ABSTRACT
Mucosal immune responses are crucial in protecting against pathogens entering through mucosal surfaces. However, due to difficulties in disrupting the tolerogenic environment associated with mucosa, mucosal immunity remains difficult to stimulate through vaccines and requires appropriate adjuvants. We previously demonstrated that either administered systemically to healthy macaques or locally expressed in the intestinal mucosa of acutely SIV-infected macaques, interleukin-7 (IL-7) triggers chemokine expression and immune cell homing into mucosae, suggesting its important role in the development of mucosal immune responses.
We therefore examined whether local delivery of recombinant glycosylated simian IL-7 (rs-IL-7gly) to the vaginal mucosa of rhesus macaques could prepare the lower female genital tract (FGT) for subsequent immunization and act as an efficient mucosal adjuvant.
First, we showed that local administration of rs-IL-7gly triggers vaginal overexpression of chemokines and infiltration of mDCs, macrophages, NKs, B- and T-cells in the chorion while MamuLa-DR+ APCs accumulated in the epithelium. Subsequent mucosal anti-DT immunization in macaques resulted in a faster, stronger, and more persistent mucosal antibody response compared to DT-immunization alone. Indeed, we detected robust productions of DT-specific IgAs and IgGs in their vaginal secretions and identified cells secreting DT-specific IgAs in their vaginal mucosa and IgGs in draining lymph nodes.

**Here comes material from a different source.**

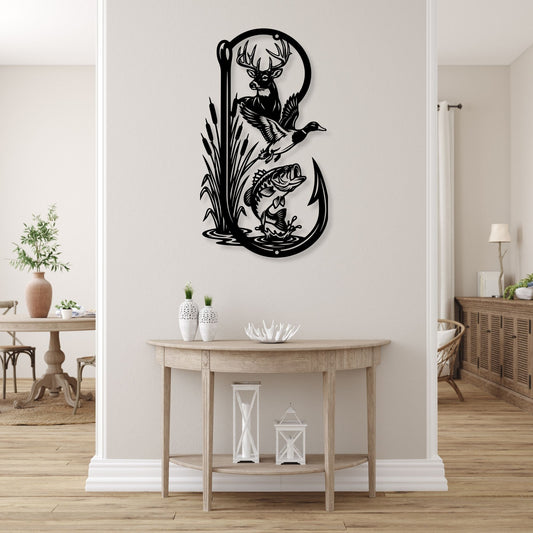 Metal Fishing Hook Sign, Man Cave Wall Decor, Gift for Dad, Fishing Enthusiast Gift, Garage Metal Art, Outdoor Patio Decor, Hunter Gift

Finally, the expression of chemokines involved in the organization of tertiary lymphoid structures (TLS) was only increased in the vaginal mucosa of IL-7-adjuvanted immunized macaques. Interestingly, TLSs developed around PNAd+ high endothelial venules in their lower FGT sampled 2 weeks after the last immunization.
Non-traumatic vaginal administration of rs-IL-7gly prepares the mucosa to respond to subsequent local immunization and allows the development of a strong mucosal immune response in macaques, through the chemokine-dependent recruitment of immune cells, the activation of mDCs and the formation of TLSs. The localization of DT-specific IgA plasma cells in the mucosa argues for their contribution to the production of specific immunoglobulins in the vaginal secretions. Our results highlight the potential of IL-7 as a potent mucosal adjuvant to stimulate the FGT immune system and elicit vaginal antibody responses to local immunization, which is the most promising way to confer protection against many sexually transmitted diseases.

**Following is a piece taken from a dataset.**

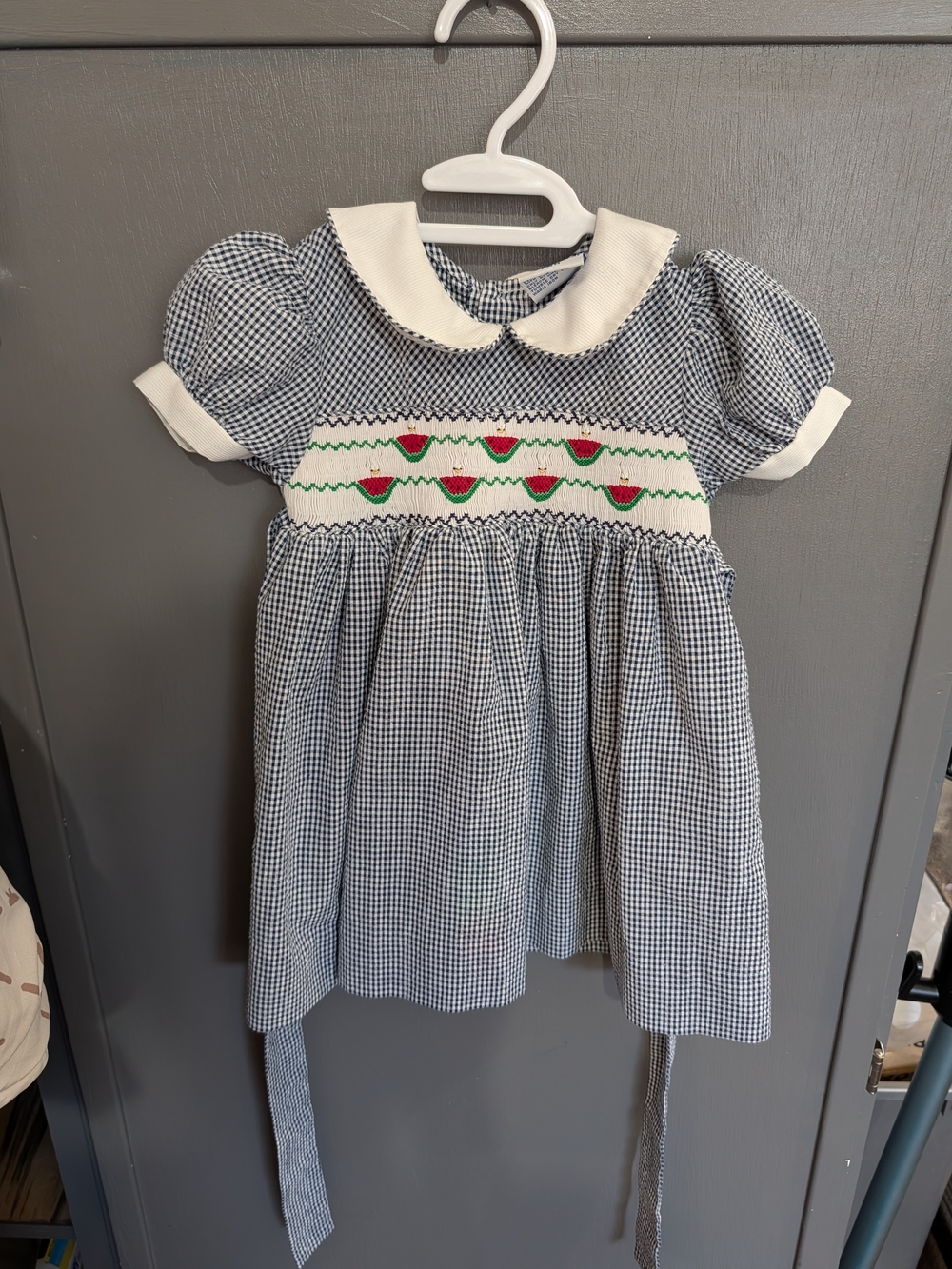Girls Navy Gingham Smocked Watermelon Dress with Peter Pan Collar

Competing Interest Statement
The authors have declared no competing interest.
Footnotes
Contribution to the Field Statement
Mucosal immune responses are essential to protect against pathogens entering through mucosal surfaces. However, the development of mucosal immunity remains difficult to stimulate and requires effective mucosal adjuvants.

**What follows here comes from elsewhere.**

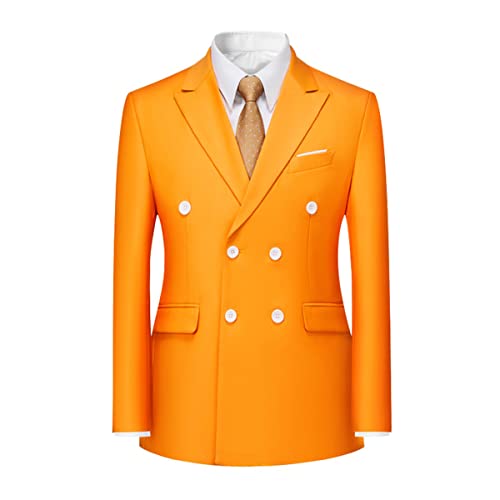 Allthemen Anzugjacke Herren Zweireihige Sakko Slim Fit Anzug Blazer für Business Hochzeit Orange XXL von Allthemen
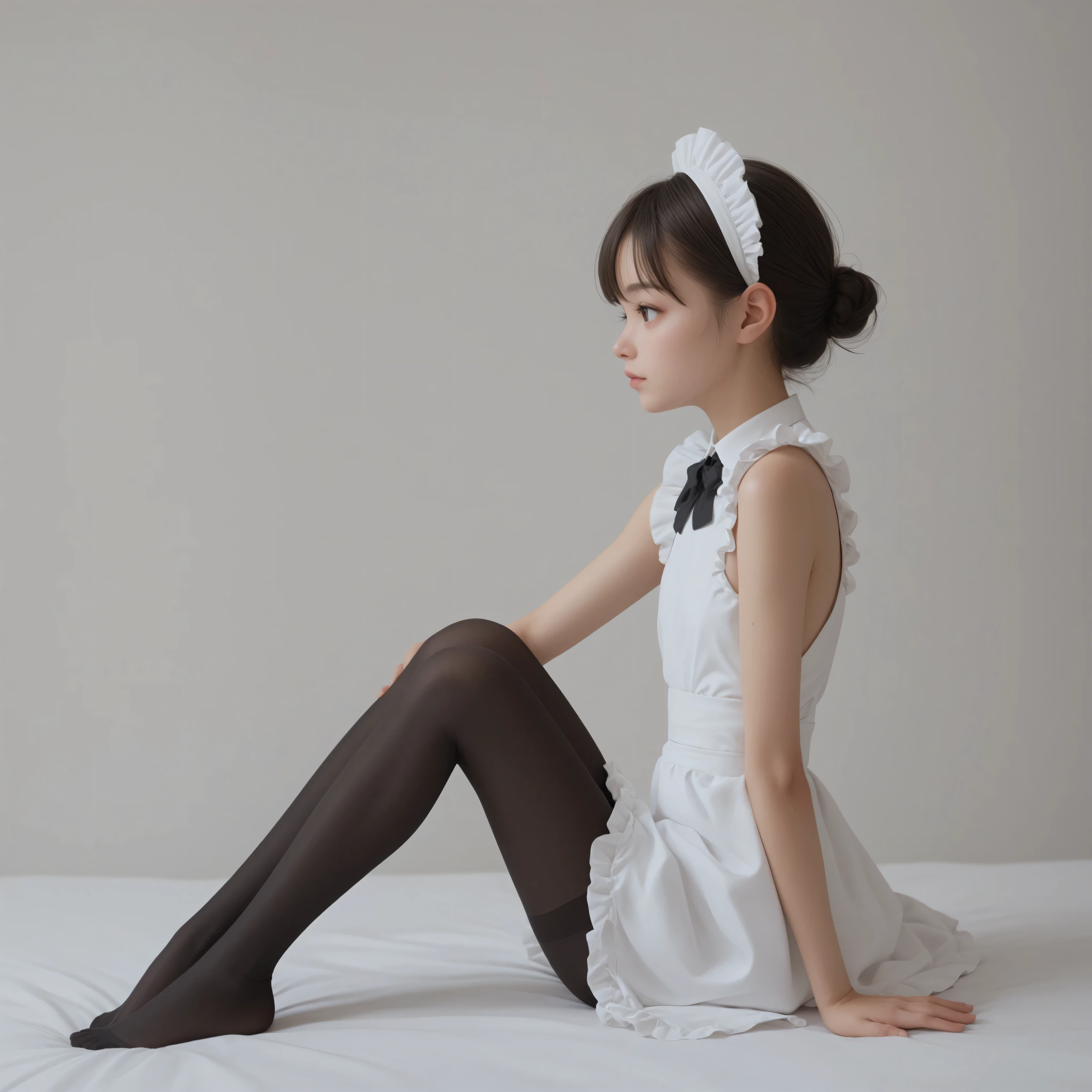 1 Girl、maids、(Smile Yang:0.3)、is looking here,sitting、 Thin tights 、From the side、open both legs,(younger:1.5),(skinny:1.1),japanese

We have previously evidenced a new function for IL-7. Overexpressed in the intestines of acutely SIV-infected macaques, IL-7 stimulates the recruitment of immune cells into infected tissues, contributing to the development of the immune responses, suggesting its possible use as a mucosal adjuvant.
We have showed here that non-traumatic vaginal administration of recombinant glycosylated simian IL-7 to macaques prior to antigen administration, allows the development of a strong mucosal immune response, through the local recruitment of immune cells induced by local expression of chemokine, the activation of mDCs and the formation of tertiary lymphoid structures in the vaginal mucosa. The mucosal localization of antigen-specific IgA plasma cells argues for their contribution to the high levels of specific IgAs evidenced in vaginal secretions.
We thus conclude that IL-7, already used in clinics without major adverse effects, can serve as an adjuvant to stimulate the mucosal immune system of the female genital tract and induce vaginal antibody responses following local immunization, most likely the best way to protect against sexually transmitted diseases.